A neat discovery recently was Hart’s Rules for Compositors and Readers at the University Press, Oxford (Oxford: Oxford University Press, 38th ed. 1978), the handbook for transforming inconsistent manuscript into the beauty that is the traditional Oxford appearance, which is continued today most notably in the Clarendon Press offerings. Originally written by typesetter Horace Hart in 1864, the work circulated internally at OUP, with some government officials and friends of employees occasionally geting a copy. In 1914, this arcane text was somewhat unwillingly made available to the public at last:
Recently, however, it became known that copies of the booklet were on sale in London. A correspondent wrote that he had just bought a copy at the Stores
; and as it seems more than complaisant to provide gratuitously what may afterwards be sold for profit, there is no alternative but to publish this little book.

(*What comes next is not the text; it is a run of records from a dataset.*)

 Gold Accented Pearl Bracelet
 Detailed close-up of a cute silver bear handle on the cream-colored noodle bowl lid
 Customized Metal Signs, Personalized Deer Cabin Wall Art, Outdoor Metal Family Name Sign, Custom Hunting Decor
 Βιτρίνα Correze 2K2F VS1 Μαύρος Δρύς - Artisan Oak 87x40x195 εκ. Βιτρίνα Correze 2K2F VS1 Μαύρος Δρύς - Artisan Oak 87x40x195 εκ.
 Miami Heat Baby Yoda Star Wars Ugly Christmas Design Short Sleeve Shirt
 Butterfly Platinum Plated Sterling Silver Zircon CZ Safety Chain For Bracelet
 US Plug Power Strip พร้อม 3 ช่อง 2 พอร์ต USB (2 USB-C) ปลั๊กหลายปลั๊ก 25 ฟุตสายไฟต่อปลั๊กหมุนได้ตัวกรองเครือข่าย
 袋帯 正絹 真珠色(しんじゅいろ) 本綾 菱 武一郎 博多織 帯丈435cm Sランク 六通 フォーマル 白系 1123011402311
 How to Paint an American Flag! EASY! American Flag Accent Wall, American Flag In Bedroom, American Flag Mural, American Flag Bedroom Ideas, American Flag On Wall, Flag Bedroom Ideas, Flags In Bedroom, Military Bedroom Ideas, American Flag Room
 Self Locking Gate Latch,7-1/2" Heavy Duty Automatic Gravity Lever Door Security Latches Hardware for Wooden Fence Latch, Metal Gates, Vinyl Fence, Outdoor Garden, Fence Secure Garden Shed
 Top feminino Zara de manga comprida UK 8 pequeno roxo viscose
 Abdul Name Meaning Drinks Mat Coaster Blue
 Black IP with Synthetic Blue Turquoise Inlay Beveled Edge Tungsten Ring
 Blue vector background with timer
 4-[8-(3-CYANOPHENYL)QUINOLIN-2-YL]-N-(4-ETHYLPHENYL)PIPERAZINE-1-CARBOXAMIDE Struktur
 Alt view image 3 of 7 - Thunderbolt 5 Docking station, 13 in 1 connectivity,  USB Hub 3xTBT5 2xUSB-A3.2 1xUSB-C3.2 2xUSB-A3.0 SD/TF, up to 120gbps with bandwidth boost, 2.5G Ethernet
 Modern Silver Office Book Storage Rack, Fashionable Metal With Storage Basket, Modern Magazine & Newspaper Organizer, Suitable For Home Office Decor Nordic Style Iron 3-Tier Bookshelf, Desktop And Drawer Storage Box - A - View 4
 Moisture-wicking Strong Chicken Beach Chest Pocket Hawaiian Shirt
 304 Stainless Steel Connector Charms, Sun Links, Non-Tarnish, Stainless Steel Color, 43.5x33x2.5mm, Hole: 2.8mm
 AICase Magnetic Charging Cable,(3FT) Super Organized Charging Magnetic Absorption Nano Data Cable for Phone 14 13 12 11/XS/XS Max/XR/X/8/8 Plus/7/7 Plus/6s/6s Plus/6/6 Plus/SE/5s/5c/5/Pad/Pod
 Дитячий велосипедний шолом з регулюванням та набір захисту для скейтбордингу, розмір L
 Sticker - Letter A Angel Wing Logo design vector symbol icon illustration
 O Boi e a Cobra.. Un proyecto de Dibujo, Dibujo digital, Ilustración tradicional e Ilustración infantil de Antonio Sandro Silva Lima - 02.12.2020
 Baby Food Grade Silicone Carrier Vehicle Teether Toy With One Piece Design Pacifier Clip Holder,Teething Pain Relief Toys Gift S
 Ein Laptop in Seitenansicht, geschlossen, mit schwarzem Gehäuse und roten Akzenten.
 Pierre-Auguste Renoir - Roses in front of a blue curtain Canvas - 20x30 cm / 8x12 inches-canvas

Besides the expected rules for how to use punctuation in English texts, which to choose from when there are alternative forms (e.g. ‘ambience’ versus ‘ambiance’), how to space the material, and so forth, it also contains advice on various languages. There’s hyphenation rules and guidelines for italics in Russian, Greek, Italian, French, Spanish, Portuguese, and even Catalan. Owing to the long survival of ‹œ› in British publications I would have never noticed that the ligature is to be used only in Old English and French, replaced by two letters in Latin and Greek words.
Of course, coming from a pre-computing epoch where all that matters is the final printed result, much of its advice is horrifying to one who has come to appreciate the split between semantic meaning and graphic appearance in Unicode. For example, in the chapter ‘Oriental Languages in Roman Type’ we find:
In Semitic languages ‛ain and hamza/’aleph are to be represented by a Greek asper and a lenis respectively.
If one is typesetting a document in XML that is meant to have both print and database output, then obviously this using a Greek Unicode position for Semitic material will create difficulties in searching and in transforming data.
Still, the 38th edition clearly includes many contemporary additions. A clever guideline in the chapter on musical works is that ‘ring-modulator’ must have a hyphen, evidently some work had previously been written on Stockhausen where it was necessary to make this decision.
The work has been updated since the version I found in University of Helsinki’s library, with the thirty-ninth edition coming in 1983, and then the traditional title seemingly superseded by the Oxford Guide to Style in 2002 and New Hart’s Rules: The Handbook of Style for Writers and Editors in 2005. None, however, resolves the issue of creating semantically perfect text.